Exercise data:
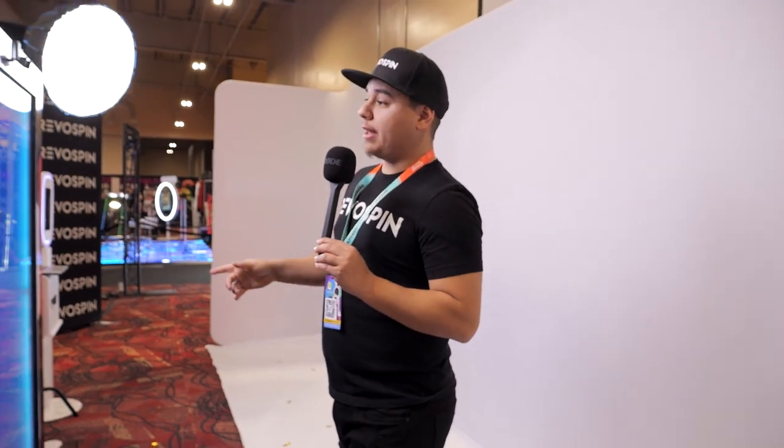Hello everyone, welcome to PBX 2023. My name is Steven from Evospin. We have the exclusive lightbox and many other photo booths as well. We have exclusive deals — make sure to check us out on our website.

==

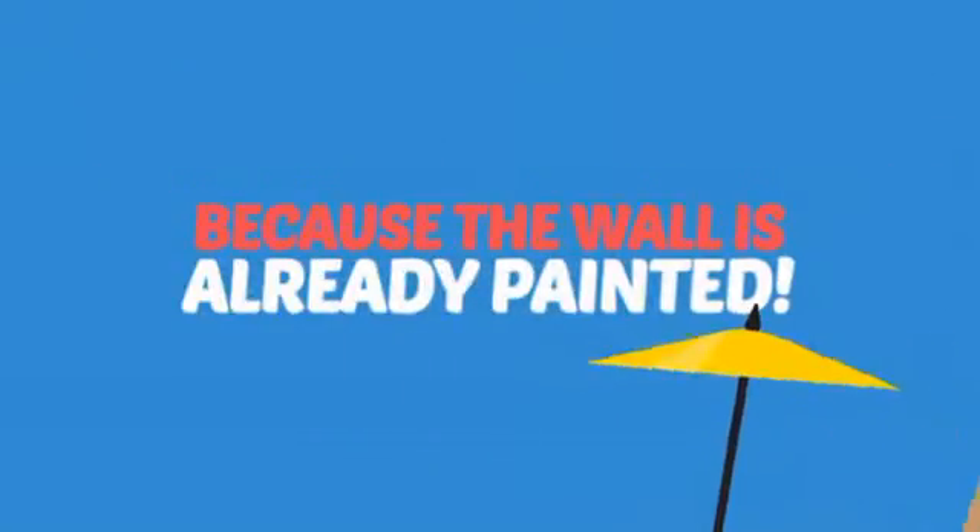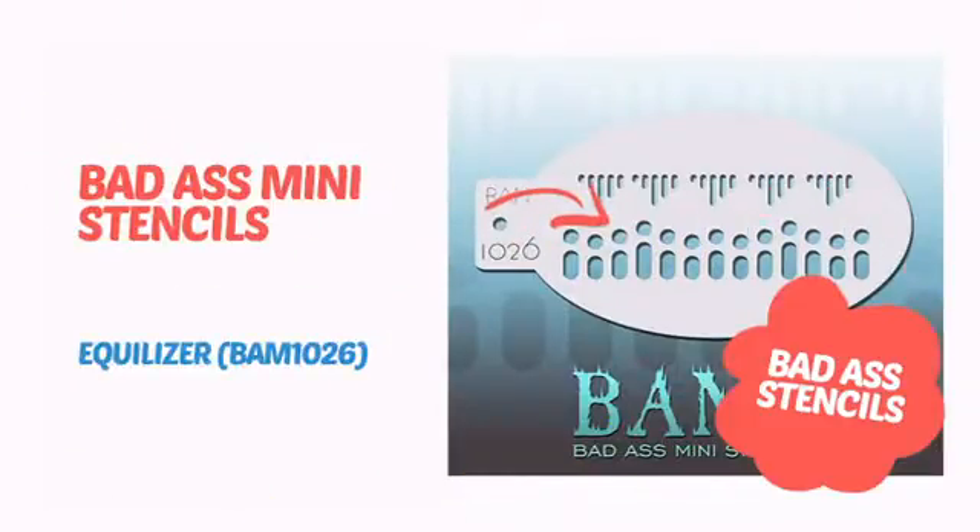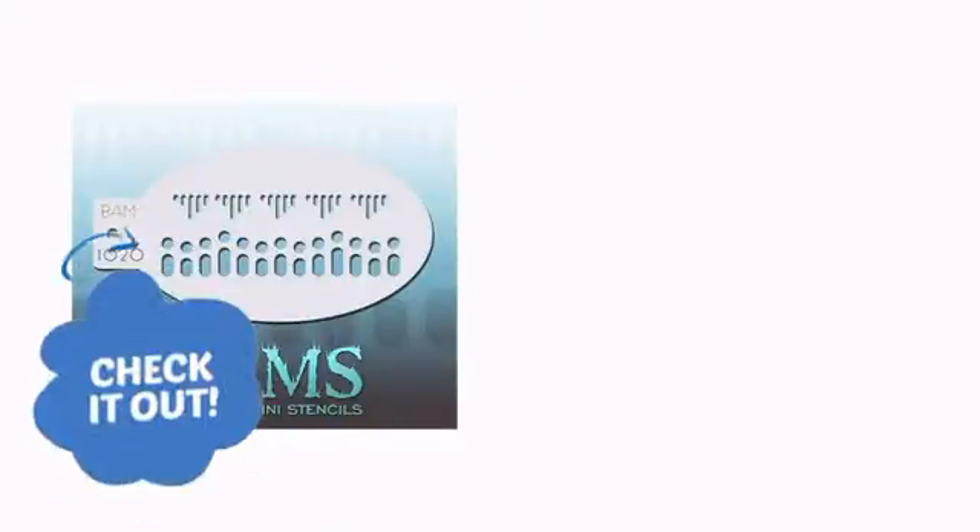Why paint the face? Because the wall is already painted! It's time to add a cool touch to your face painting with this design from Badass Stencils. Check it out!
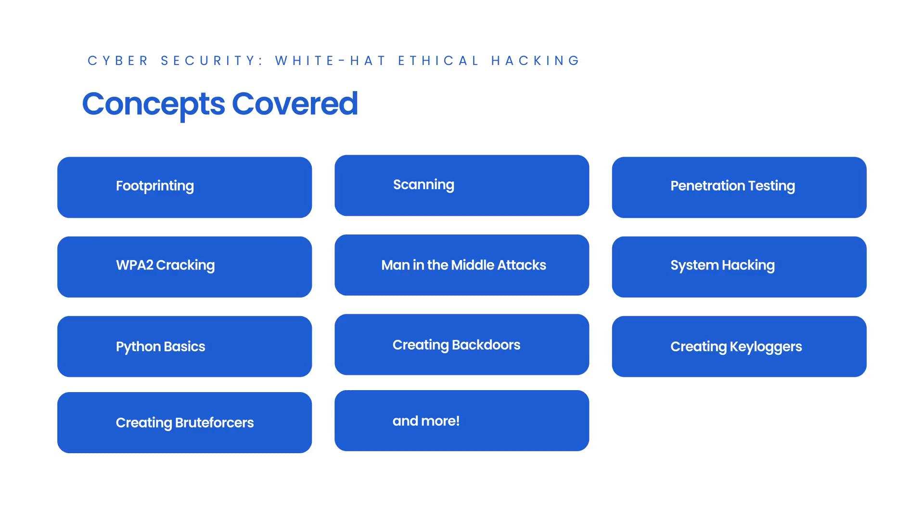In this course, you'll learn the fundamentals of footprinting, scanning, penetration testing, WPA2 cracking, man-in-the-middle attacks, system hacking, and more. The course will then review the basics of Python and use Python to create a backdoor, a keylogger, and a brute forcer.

...

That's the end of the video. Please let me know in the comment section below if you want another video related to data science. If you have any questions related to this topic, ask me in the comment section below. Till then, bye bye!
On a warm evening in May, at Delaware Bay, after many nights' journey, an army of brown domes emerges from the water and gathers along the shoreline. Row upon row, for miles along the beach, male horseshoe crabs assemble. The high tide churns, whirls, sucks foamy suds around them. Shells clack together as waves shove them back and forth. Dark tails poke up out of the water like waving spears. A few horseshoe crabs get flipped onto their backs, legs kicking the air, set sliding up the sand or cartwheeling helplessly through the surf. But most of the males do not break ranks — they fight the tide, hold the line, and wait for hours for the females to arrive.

Problem details: Starting with the line above that holds "That's the end" and stopping with the line that holds "On a warm evening", reproduce each line exactly, omitting all other lines.

Output of the task:
That's the end of the video. Please let me know in the comment section below if you want another video related to data science. If you have any questions related to this topic, ask me in the comment section below. Till then, bye bye!
On a warm evening in May, at Delaware Bay, after many nights' journey, an army of brown domes emerges from the water and gathers along the shoreline. Row upon row, for miles along the beach, male horseshoe crabs assemble. The high tide churns, whirls, sucks foamy suds around them. Shells clack together as waves shove them back and forth. Dark tails poke up out of the water like waving spears. A few horseshoe crabs get flipped onto their backs, legs kicking the air, set sliding up the sand or cartwheeling helplessly through the surf. But most of the males do not break ranks — they fight the tide, hold the line, and wait for hours for the females to arrive.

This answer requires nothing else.